Your version makes that betrayal particularly bitter!

For Caranthir and Uldor to share such a conversation and Caranthir having opened up so far towards him!

I think you are hinting that memories of Haleth are partly at play in his trusting Uldor too far.

I suppose the theme of bones are ominous and a foreshadowing, although I believe the custom of bone fires is quite a genuine one.

And stabbing in the back can be a metaphor for betrayal, but here it is also very literal!

That's exactly what I had in mind with Haleth!

I read somewhere that etymologically, the word bonfire consists of bone + fire, because actual bones were burned and that inspired this story... I made up the part that bones of dangerous animals give extra luck.

It's curious to me that Maglor slays Uldor and Bor's sons kill Uldor's brothers which probably means that they were close by when they realized the betrayal. So, where's Caranthir, whose ally Uldor is supposed to be?! – I thought literal backstabbing along with the metaphorical one would be quick and detrimental enough for his health to keep him from fighting Uldor himself.

Thanks for reading and commenting!

Ouch!

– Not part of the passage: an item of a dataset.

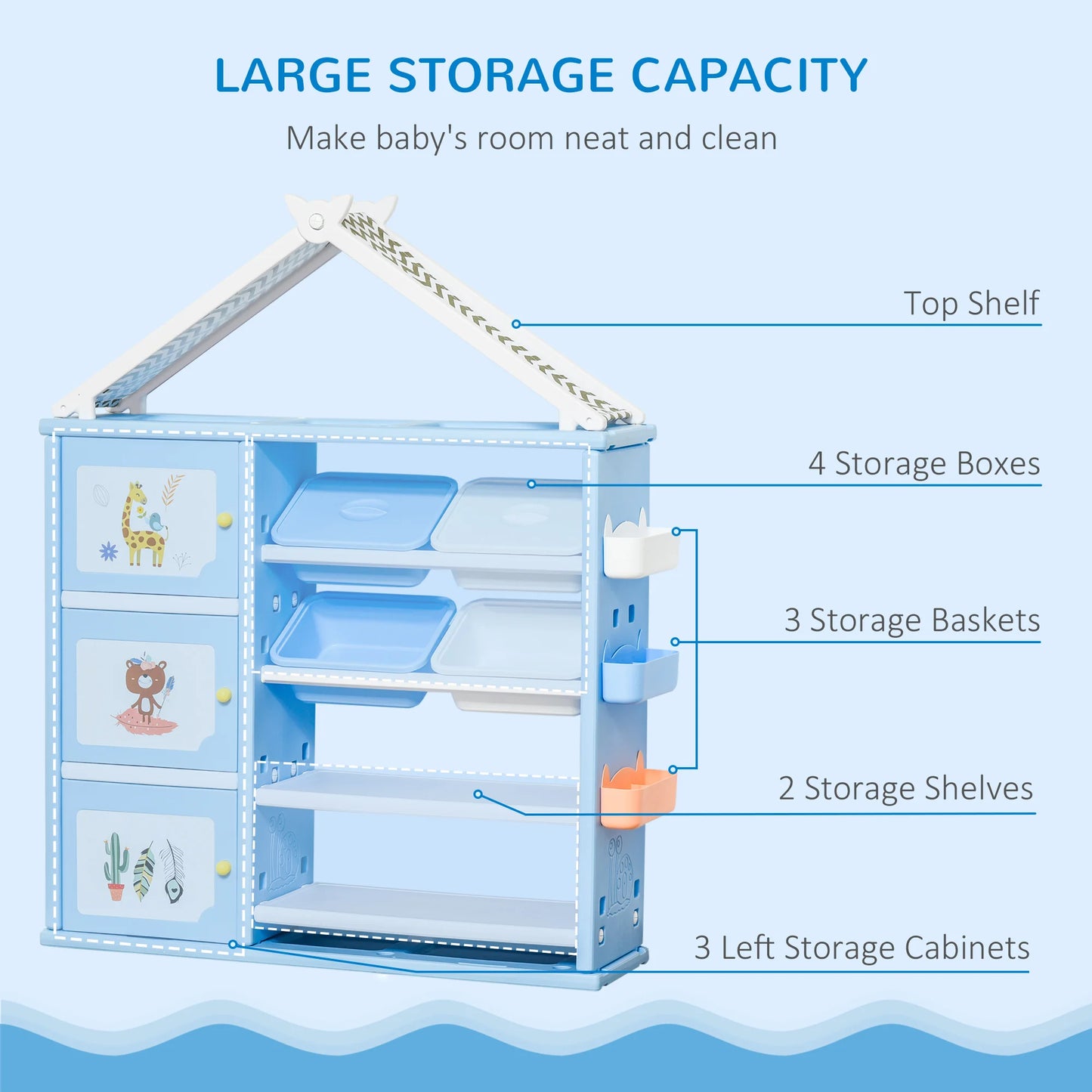 Multi-Style Shelf Organizer for Kids Bedroom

The way this starts off with such warm feelings and deep personal trust shared between them, but then with the revelation that it's Uldor, his words seem to have been a veiled threat. His final action of literally stabbing him in the back reveal that his words were actually promise. This was powerfulky written!

(FYI, the SWG has a beta directory as well a beta-finder channel on the Discord server. There's also a fair few German speakers in the group.)

Ouch!

Just what I intended and I'm not sorry! 😋

I don't know if all of his words were a veiled threat, maybe Uldor really remembers a nice tradition. – But they're definitely thinking of different foes to burn and drinking to different sides winning. 

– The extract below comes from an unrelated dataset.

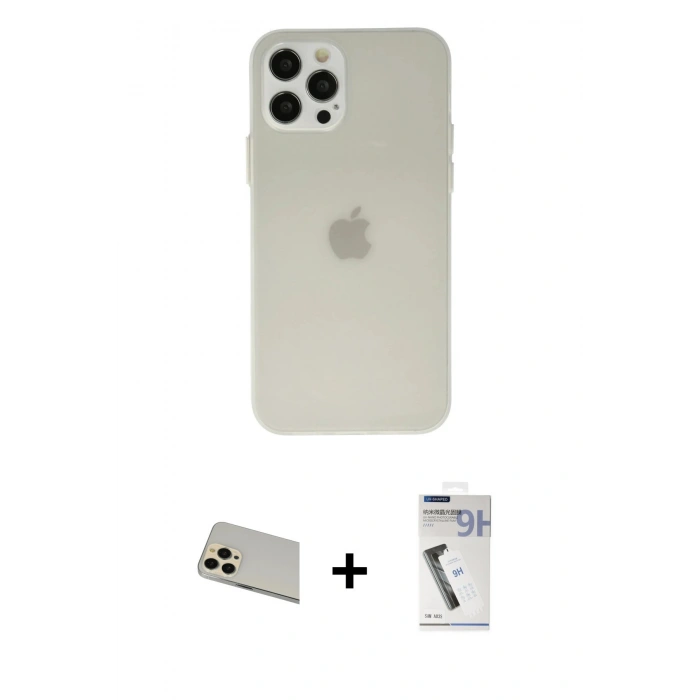 MARSİLYAN™- iPhone 12 Pro Kılıf Atlas Minimal Prime - Şeffaf Uv Polymer Nano Ekran Koruyucu + Rainbow Kamera Lens Koruma Cam - GD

Thanks a lot for the comment and for pointing me to the resources! 

Love this idea and the punch to the gut in the end of the first 'scene' when we find it's Uldur! Bastard. This is really atmospheric. Great idea as well for a two scene piece that is so textured and visceral. Really enjoyed reading this. Much kudos for writing in your second (or maybe even third! ) language- I am in awe!!